Authors: Esmaeel Eftekharian, Ali Kiani, Vassili Kitsios, Ashok K. Luhar, Paul Feron, Aaron W. Thornton, Kathryn M. Emmerson

27 November 2025

https://doi.org/10.1016/j.ccst.2025.100545

Abstract

The removal of carbon dioxide (CO2) from the atmosphere using direct air capture (DAC) is crucial in achieving the net-zero emissions target and combating global warming. We develop a new numerical model that predicts the performance of DAC units under representative atmospheric flow conditions which captures the interaction between these units and the instantaneous flow fields. A new boundary condition for the CO2 concentration associated with the CO2-depleted exit plume was developed. This boundary condition dynamically calculates the time-varying fraction of CO2 removed from the air (capture rate) and the total mass of CO2 captured by the system per unit time (capture amount). We have also conducted experiments in a lab-scale DAC unit at different inlet air velocities. The experiment showed that both the CO2 capture rate and the capture amount depend on the unit’s inlet airflow velocity. Specifically, the CO2 capture rate decreases with an increase in unit inlet airflow velocity, while the CO2 capture amount increases. These data were used to validate our computational fluid dynamics analysis using a large eddy simulation (LES) approach. After validating the new boundary condition model with experimental data in still air, the LES simulations were extended to include the interaction of atmospheric boundary layer wind with individual DAC units.

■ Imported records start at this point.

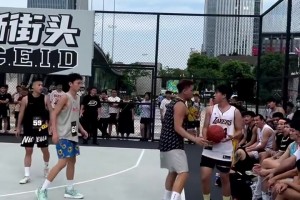 此刻，身穿湖人24号的小哥该有多绝望啊！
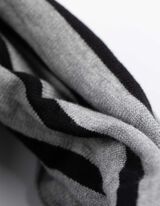 Okrugli šal - Pruge - siva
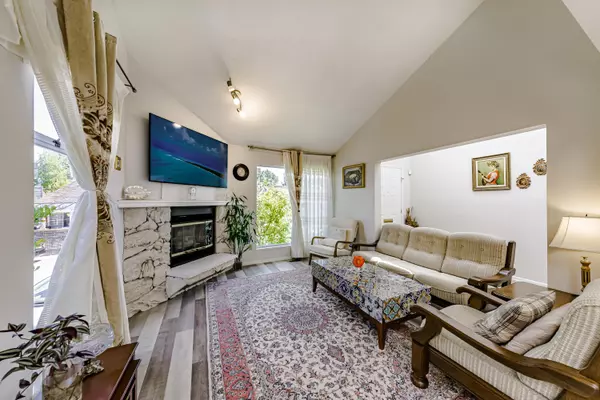 Tsawwassen, BC V4L 2K4,1472 Village Green Wynd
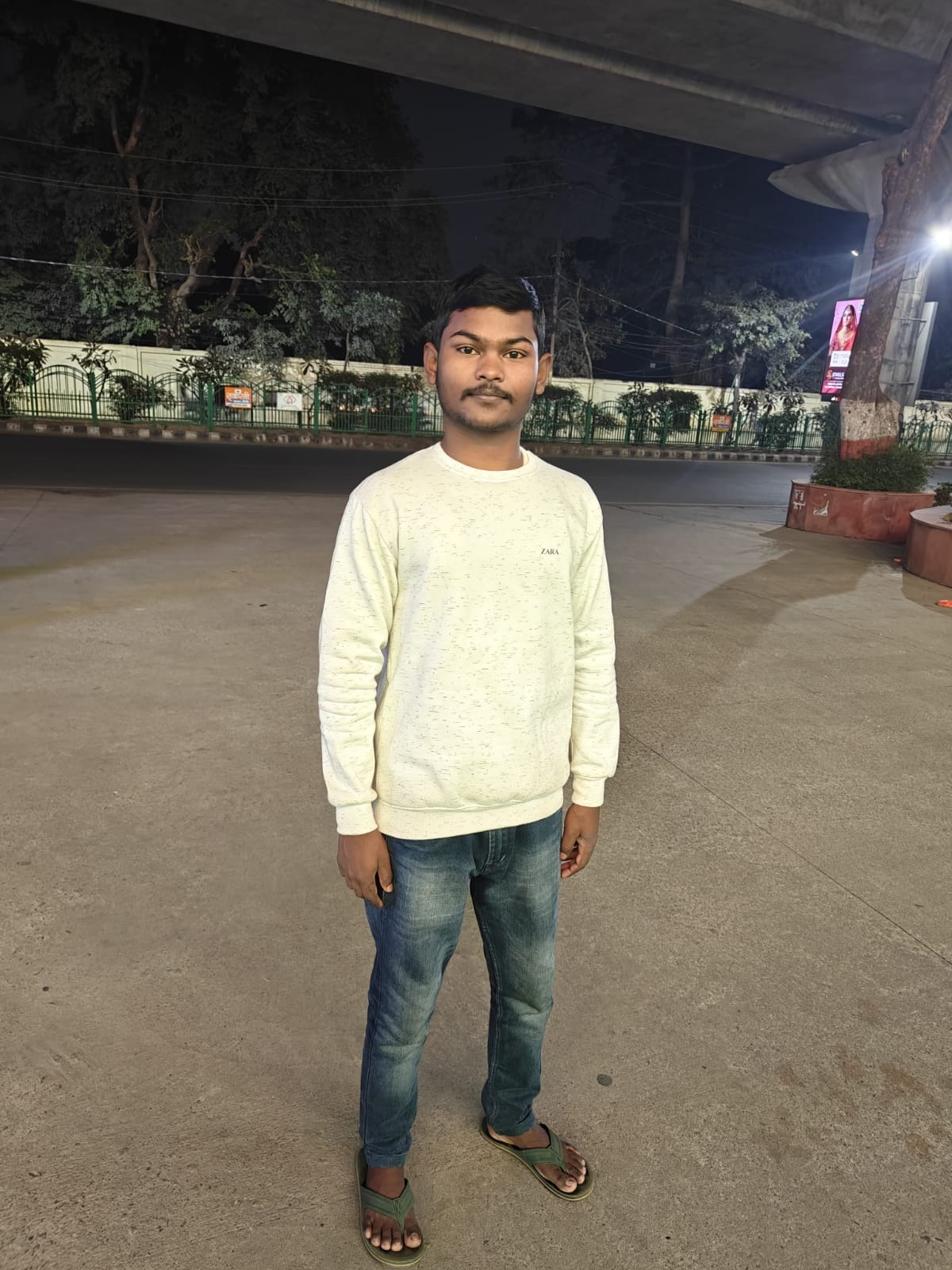 छात्र नवीन कुमार की फाइल फोटो व सूचना पर हॉस्टल पहुंचे परिजन। छात्र नवीन कुमार की फाइल फोटो व सूचना पर हॉस्टल पहुंचे परिजन।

The CO2 capture rate and capture amount are almost constant in still air, whilst they strongly fluctuate for wind speeds above 7 m/s. The amplitude of these fluctuations grows with increasing wind velocity. The LES results showed that when the wind velocity increased, both the CO2 capture rate and the overall mean CO2 capture amount of an individual DAC unit were reduced. In strong winds of 9 m/s, the total CO2 mass removal was reduced by up to 7.5 % ± 6.5 % over one year. The new boundary condition model can more accurately predict the overall CO2 capture characteristics of large-scale DAC plants in complex real environmental conditions.

Source: ScienceDirect